» EXERCISE: Although the records contain pictures, none belong in the copy: restate word for word only the lines from the one with "Rainbow cake with" through the one with "Super High Waist Faux Leather 7/8 Ankle", both included.

» PROVIDED DATA:
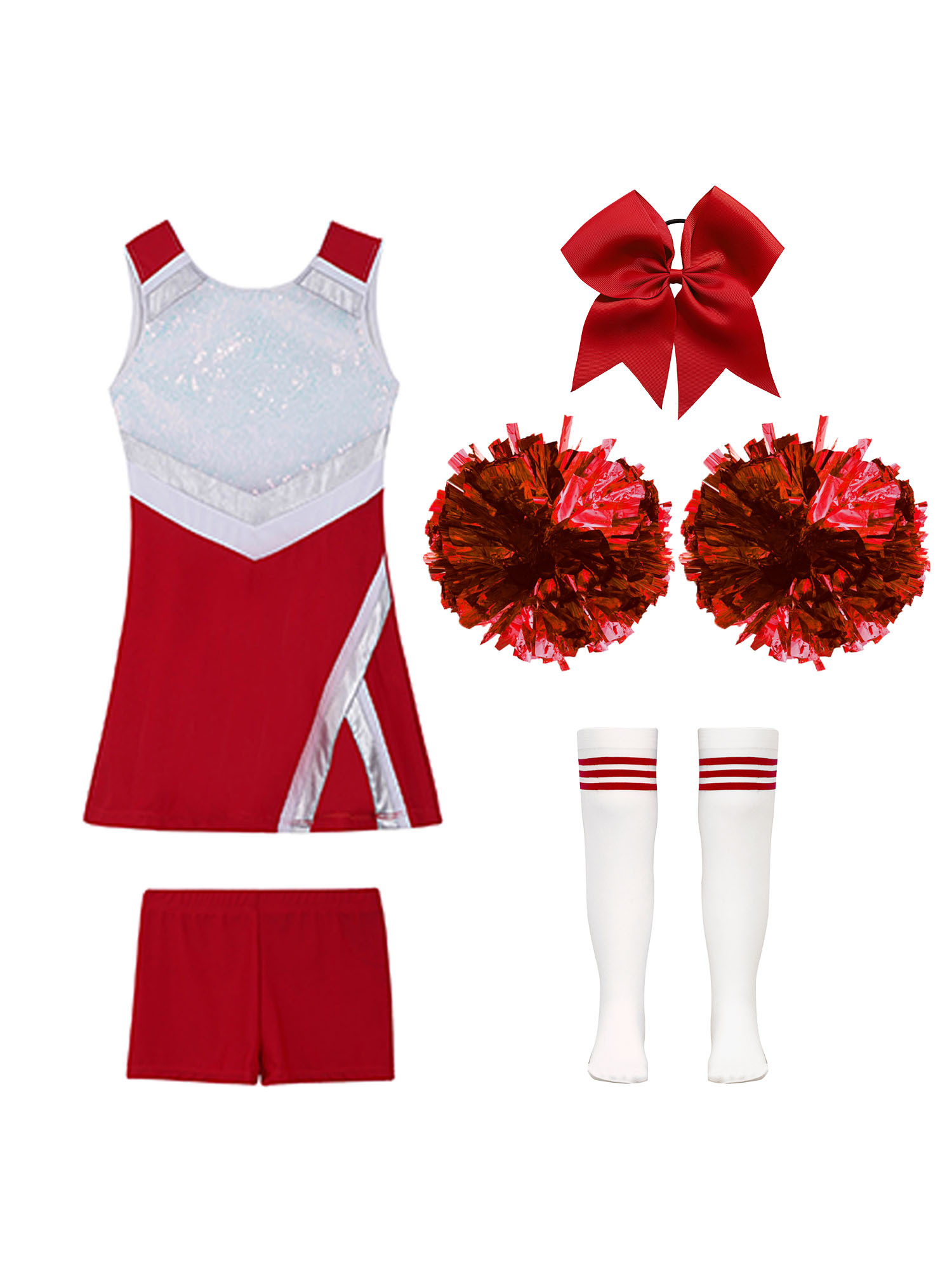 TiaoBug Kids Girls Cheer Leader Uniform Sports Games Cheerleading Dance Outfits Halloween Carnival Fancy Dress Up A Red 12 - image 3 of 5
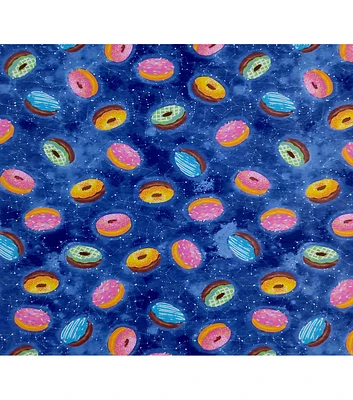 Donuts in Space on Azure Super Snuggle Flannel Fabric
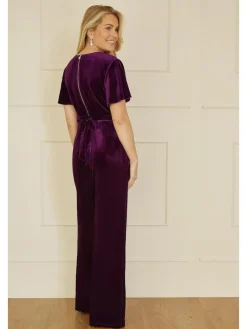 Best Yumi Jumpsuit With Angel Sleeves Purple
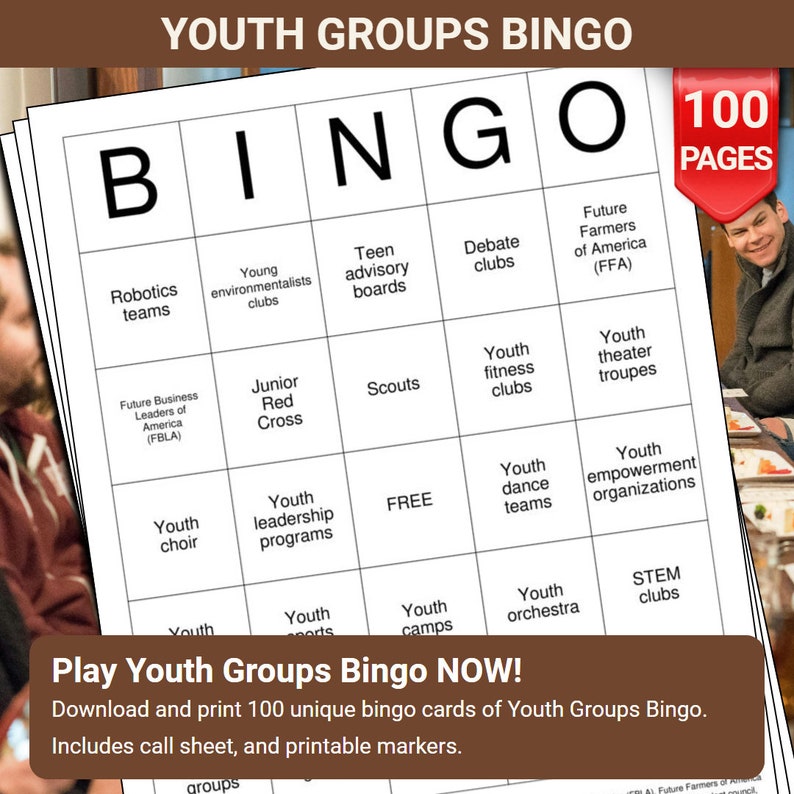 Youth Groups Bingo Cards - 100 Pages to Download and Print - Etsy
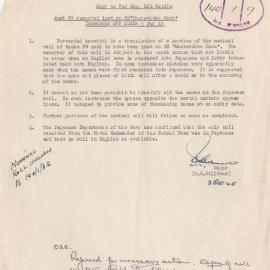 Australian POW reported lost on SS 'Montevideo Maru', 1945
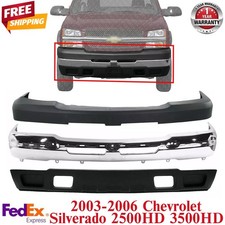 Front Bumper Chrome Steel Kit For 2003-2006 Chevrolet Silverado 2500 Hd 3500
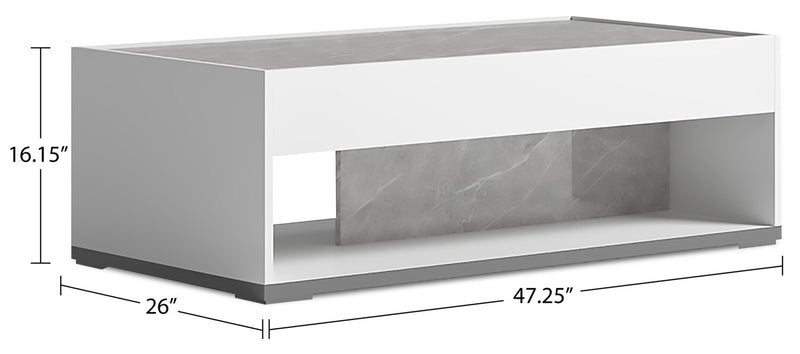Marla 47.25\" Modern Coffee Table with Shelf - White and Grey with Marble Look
---
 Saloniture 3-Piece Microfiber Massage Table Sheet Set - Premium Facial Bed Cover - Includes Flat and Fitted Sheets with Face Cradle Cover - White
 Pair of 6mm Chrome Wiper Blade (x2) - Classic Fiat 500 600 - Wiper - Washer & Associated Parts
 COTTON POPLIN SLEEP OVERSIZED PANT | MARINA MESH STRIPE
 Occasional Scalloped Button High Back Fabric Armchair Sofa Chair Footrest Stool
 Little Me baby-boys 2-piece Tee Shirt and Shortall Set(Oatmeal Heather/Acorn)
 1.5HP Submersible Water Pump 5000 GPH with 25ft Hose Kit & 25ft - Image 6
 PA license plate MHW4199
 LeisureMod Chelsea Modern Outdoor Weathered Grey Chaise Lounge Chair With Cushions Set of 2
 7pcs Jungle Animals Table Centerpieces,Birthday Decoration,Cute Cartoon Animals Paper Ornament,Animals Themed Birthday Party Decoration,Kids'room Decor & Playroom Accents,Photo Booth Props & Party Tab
* * *
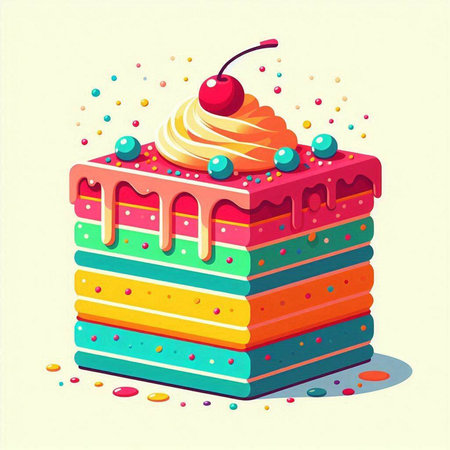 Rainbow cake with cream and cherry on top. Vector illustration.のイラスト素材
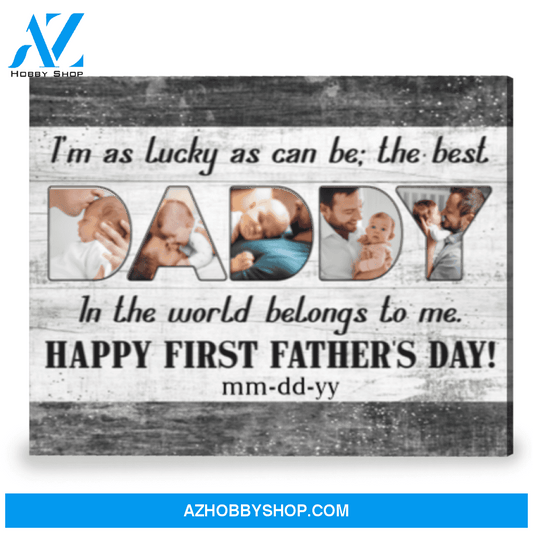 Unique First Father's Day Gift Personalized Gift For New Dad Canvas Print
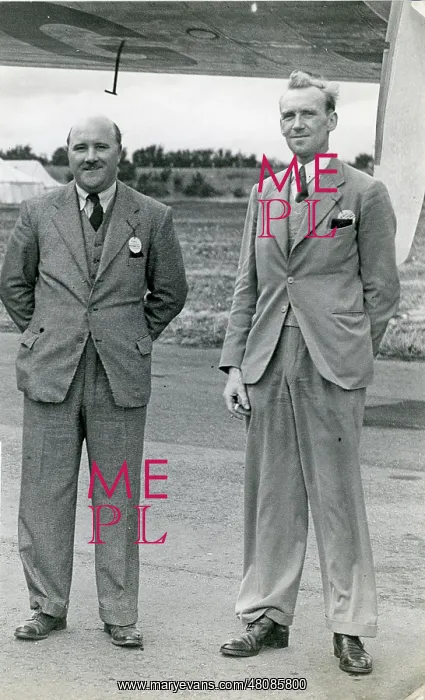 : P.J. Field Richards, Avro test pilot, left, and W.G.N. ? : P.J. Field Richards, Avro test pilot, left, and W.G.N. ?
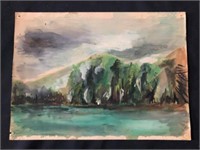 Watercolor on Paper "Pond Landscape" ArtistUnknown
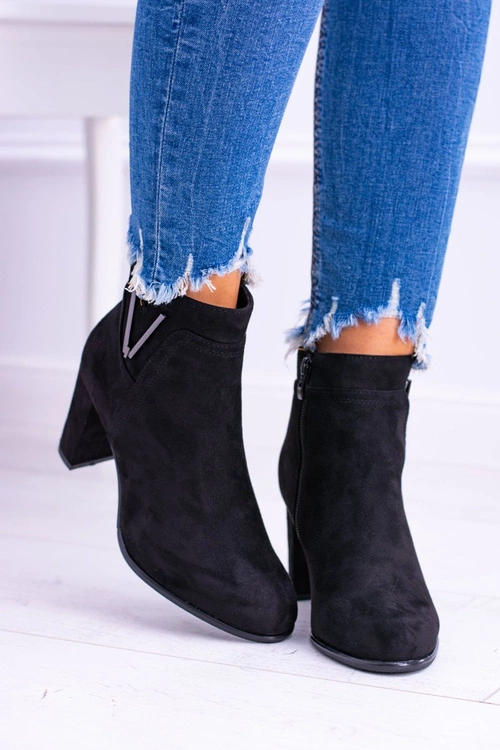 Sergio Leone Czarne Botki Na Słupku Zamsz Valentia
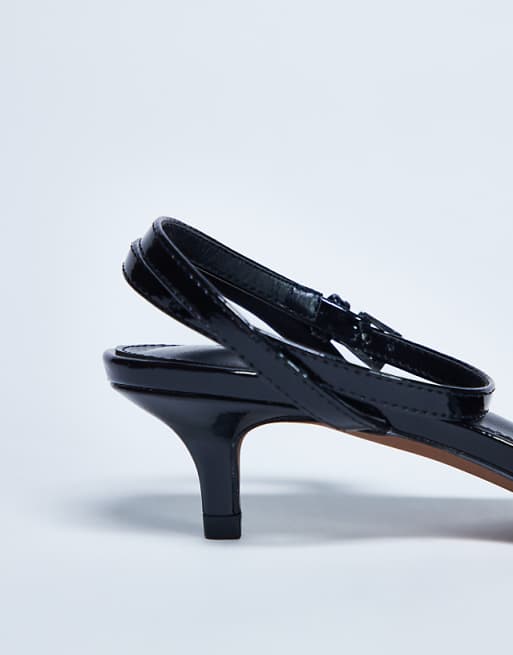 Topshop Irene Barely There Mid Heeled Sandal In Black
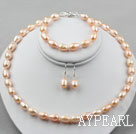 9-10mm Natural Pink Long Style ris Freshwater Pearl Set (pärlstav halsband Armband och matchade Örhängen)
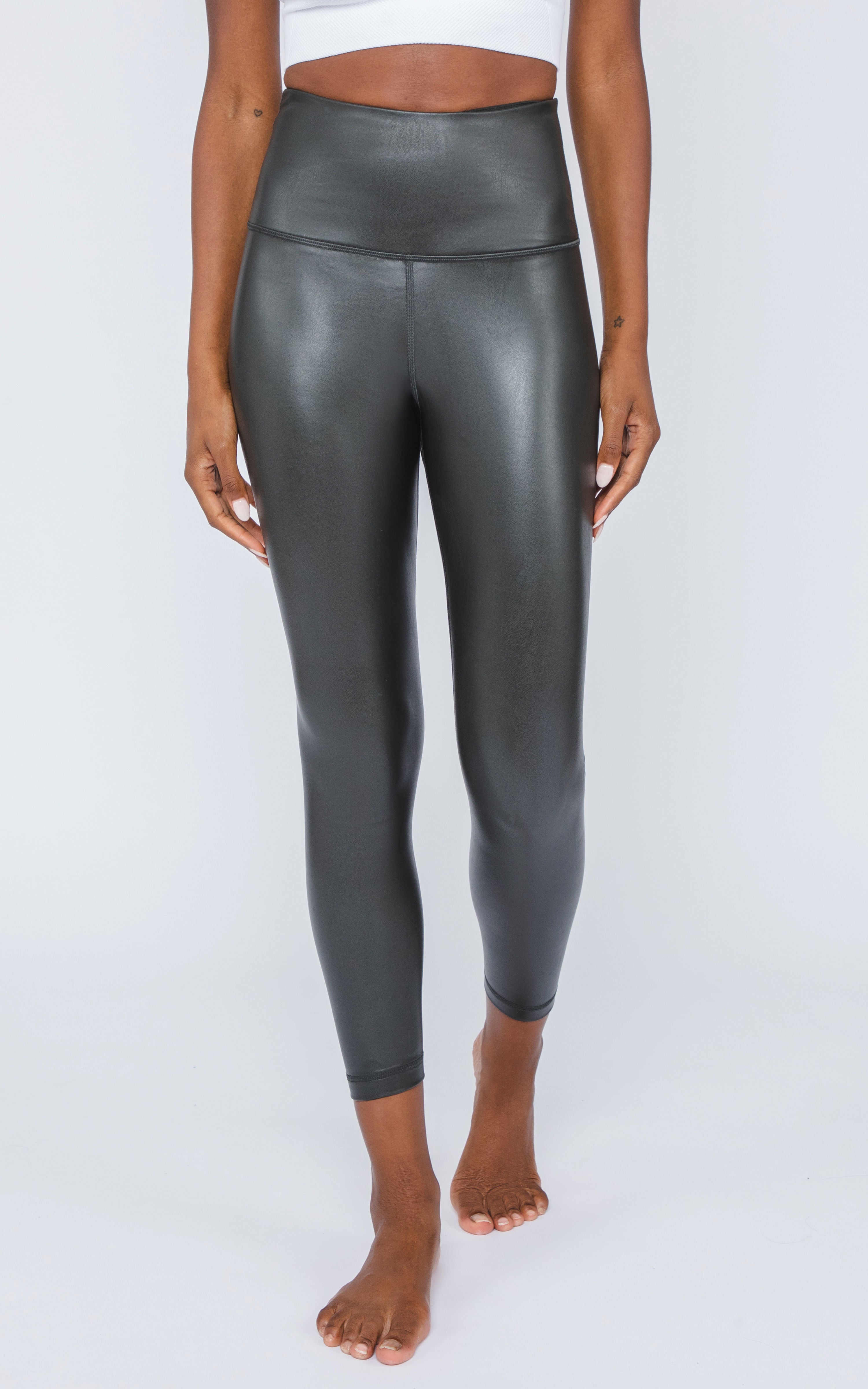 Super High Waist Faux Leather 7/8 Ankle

» WRITTEN ANSWER:
 Rainbow cake with cream and cherry on top. Vector illustration.のイラスト素材
 Unique First Father's Day Gift Personalized Gift For New Dad Canvas Print
 : P.J. Field Richards, Avro test pilot, left, and W.G.N. ? : P.J. Field Richards, Avro test pilot, left, and W.G.N. ?
 Watercolor on Paper "Pond Landscape" ArtistUnknown
 Sergio Leone Czarne Botki Na Słupku Zamsz Valentia
 Topshop Irene Barely There Mid Heeled Sandal In Black
 9-10mm Natural Pink Long Style ris Freshwater Pearl Set (pärlstav halsband Armband och matchade Örhängen)
 Super High Waist Faux Leather 7/8 Ankle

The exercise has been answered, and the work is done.